From then on, I've intentionally made myself generic and boring, all in the pursuit of being overlooked by my fellow peers. I'll take being silently passed in the hall over a jeer about having a rotting bug in my hair any day. It's no flip-a-coin situation.

I never take risks. Ever. Compared to the consequences, they don't seem worth it. I'm so paranoid that you won't catch me skipping over the last step of the staircase in fear that my foot will get caught and I'll face-plant on the linoleum floor.

So if I shout out my solution and get it wrong, I'm sure my face will burn so badly that I'm sure it'll burst into flames. One hundred isn't even in the same ballpark as the other one-digit numbers.

It's difficult. Being grey and feeling insignificant all the time.

Then I remind myself, 'better safe than sorry.'

Then I see the squirming fly larvae everywhere. They're hanging off my binder. Squished in my textbooks. Crawling inside every corner of my bag. Leaking out into the classroom for everyone with eyes to see.

I feel them on me. Then I shiver in disgust.

And I instantly shut up. Every time.

"It's two."

"No, are you stupid? It's four."

Today, before school, I brushed and flossed my teeth, washed my face and combed my hair. With every stroke, I told myself my day would be normal, and I would later go to bed the same Gabriella Montez that had woken up in the morning.

Evidently, as I squirm in my seat and grip the sides of the plastic chair, I'm almost certain that if I give my answer, I'll only go to sleep feeling as if I've been drenched with a murky bucket-full of bitter regret.

"It's obviously three."

I'll be wrong, and Mr. Blake will chuckle, shake his head and tell himself 'this girl is never getting into college.'

But if I get it right—if I happen to be the luckiest girl in the world and get it right, I think he might just look at me admiringly and proudly. He'll be thankful that there's hope for the next generation in a dismal sea full of idiots.

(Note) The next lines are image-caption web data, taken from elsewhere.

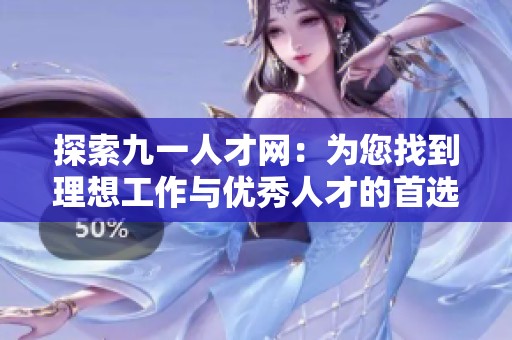 探索九一人才网:为您找到理想工作与优秀人才的首选平台 探索九一人才网:为您找到理想工作与优秀人才的首选平台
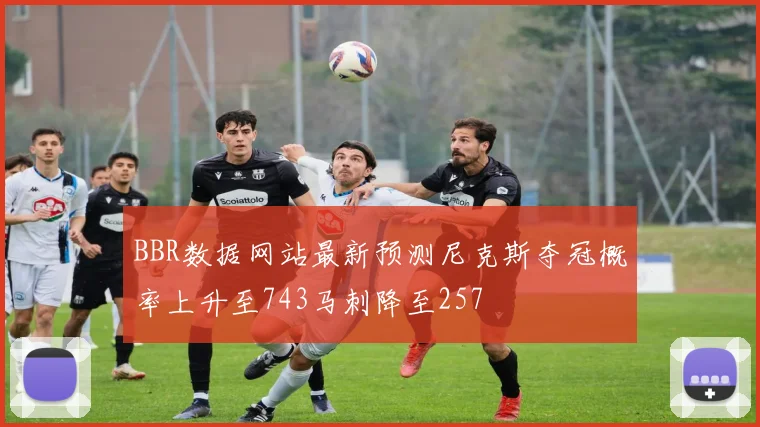 BBR数据网站最新预测尼克斯夺冠概率上升至743马刺降至257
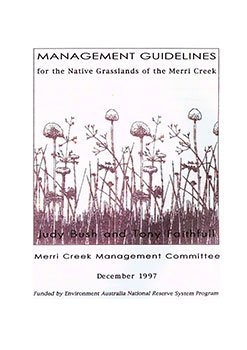 Management Guidelines for the Native Grasslands of the Merri Creek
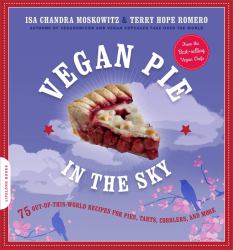 Vegan Pie in the Sky : 75 Out-Of-This-World Recipes for Pies, Tarts, Cobblers, and More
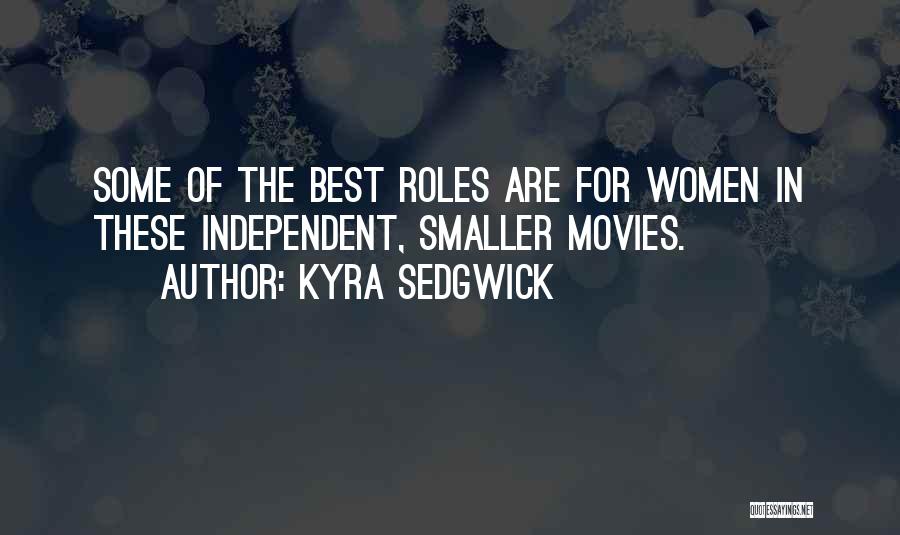 Kyra Sedgwick Quotes: Some Of The Best Roles Are For Women In These Independent, Smaller Movies.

I'm rarely proud of myself. And I don't know if my mother is. We're not exactly close. I'm an only child, and I don't even have parents for friends. As a kid, I took French instead of Spanish so I wouldn't have to understand my mother and father's arguments. They're divorced now. (I'm living with my mom, but I don't mind that she wouldn't care if I chose to run to Calcutta this summer or become a nun.) To this day, I can't speak a word of the language other than 'Hola.' Given that my last name is Montez, it's admittedly a tad disgraceful.

Oh, if I got it right then I may be considered smart in my school. My peers would turn to me and mentally erase my previous 'maggot-breeder' title and replace it with 'smart-girl-to-be-respected.' There's a good chance I'd be talked to, as well. Even if it's just for last night's homework answers.

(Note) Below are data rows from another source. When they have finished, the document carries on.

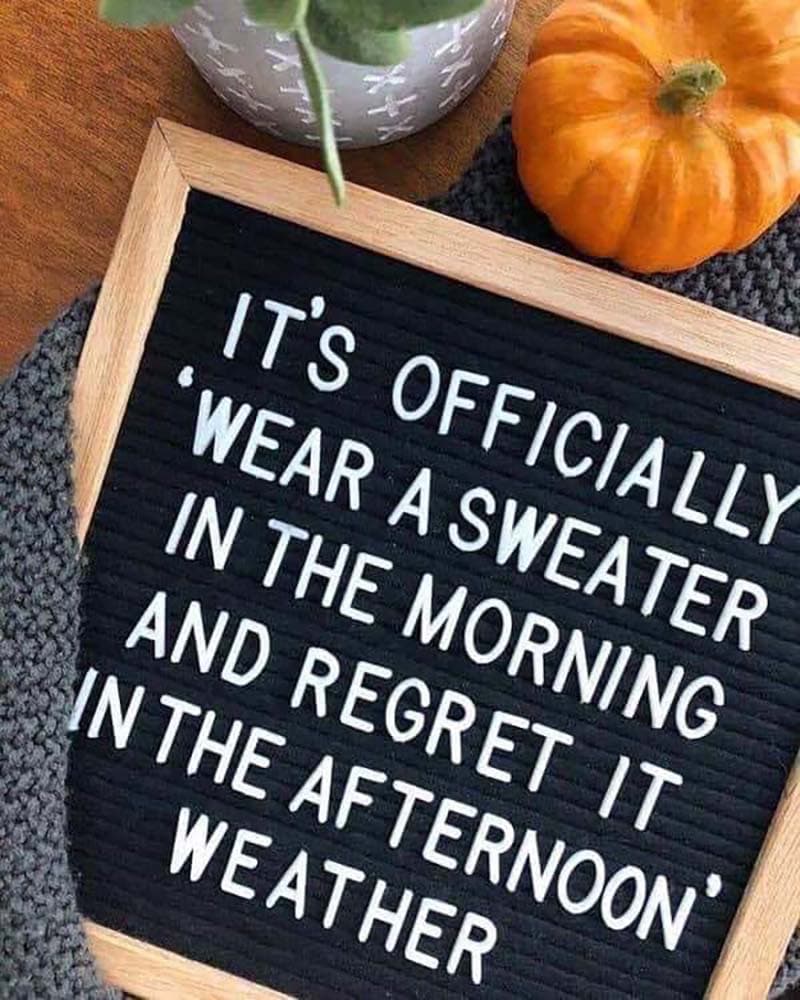 board with letters reads "its officially wear a sweater in the morning and regret it in the afternoon weather"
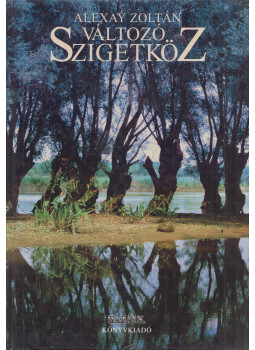 Alexay Zoltán - Változó Szigetköz Alexay Zoltán - Változó Szigetköz, Győr 1997 antikvár könyv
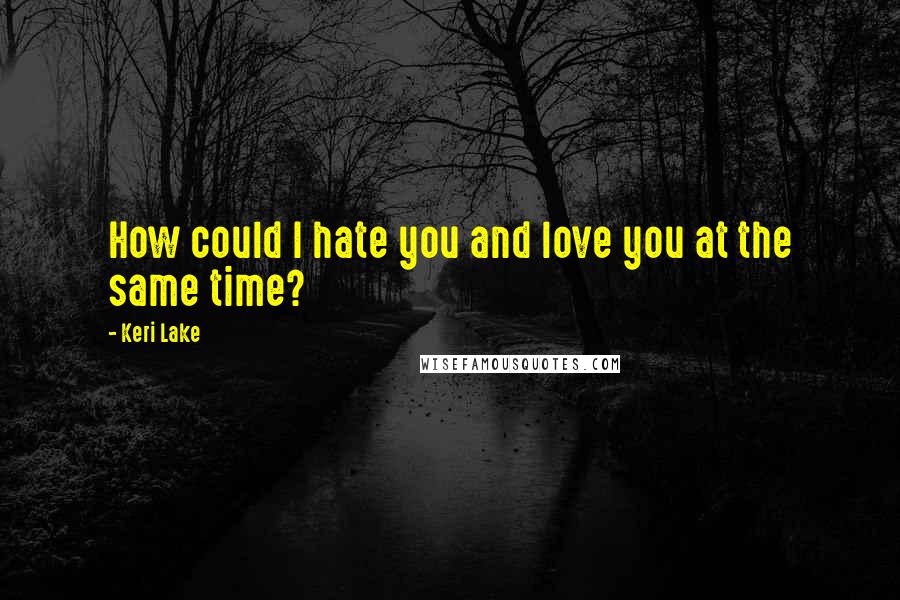 Keri Lake Quotes: How could I hate you and love you at the same time?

"This is all very irrelevant." That's Sharpay Evans. My best friend. My only friend.

Also, she fortunately transferred here two weeks after my accident, just when all the buzz decrescendoed and the word 'maggot' stopped popping up in every sentence. To this day, I still don't know how she puts up with me and my boringness. She's rich and a tad spoiled, so most people get a wrong first impression and discretely avoid her. She does have a boyfriend though, Zeke, who has an after-school job working at a pet store, but she doesn't like to hang out with his group of friends. Both of our desperate needs for company brought us together, somehow.

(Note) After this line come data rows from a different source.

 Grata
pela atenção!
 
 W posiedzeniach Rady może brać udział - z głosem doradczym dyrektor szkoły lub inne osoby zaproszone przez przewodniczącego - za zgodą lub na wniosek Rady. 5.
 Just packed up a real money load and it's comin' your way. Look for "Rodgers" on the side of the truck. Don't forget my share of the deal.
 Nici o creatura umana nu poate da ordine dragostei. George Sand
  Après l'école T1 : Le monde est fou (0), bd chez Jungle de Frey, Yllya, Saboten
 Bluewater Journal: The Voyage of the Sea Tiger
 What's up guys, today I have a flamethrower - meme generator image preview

She inevitably learned of my reputation, and acted like our friendship was only her barely tolerating me, but deep down, I think our friendship is truly genuine.

In the midst of all the babbling, Mr. Blake booms, "So you all think it's either one, two, three, four or five, right?"

"It's three!" bellows the guy beside me. I'd like to keep my hearing intact, Jason, thank you.

"It's four!"

"Two!"

My palms sweat, and I bite my tongue to keep from inadvertently blurting out something.

"Well, the number of guppies you must remove is"—a last-chance-to-answer smile graces his wrinkled face—"one hundred."

3.

Have I slapped myself yet?

Still no? I'll do it twice later.

4.

If a girl knows all the answers, but never speaks, is she still smart?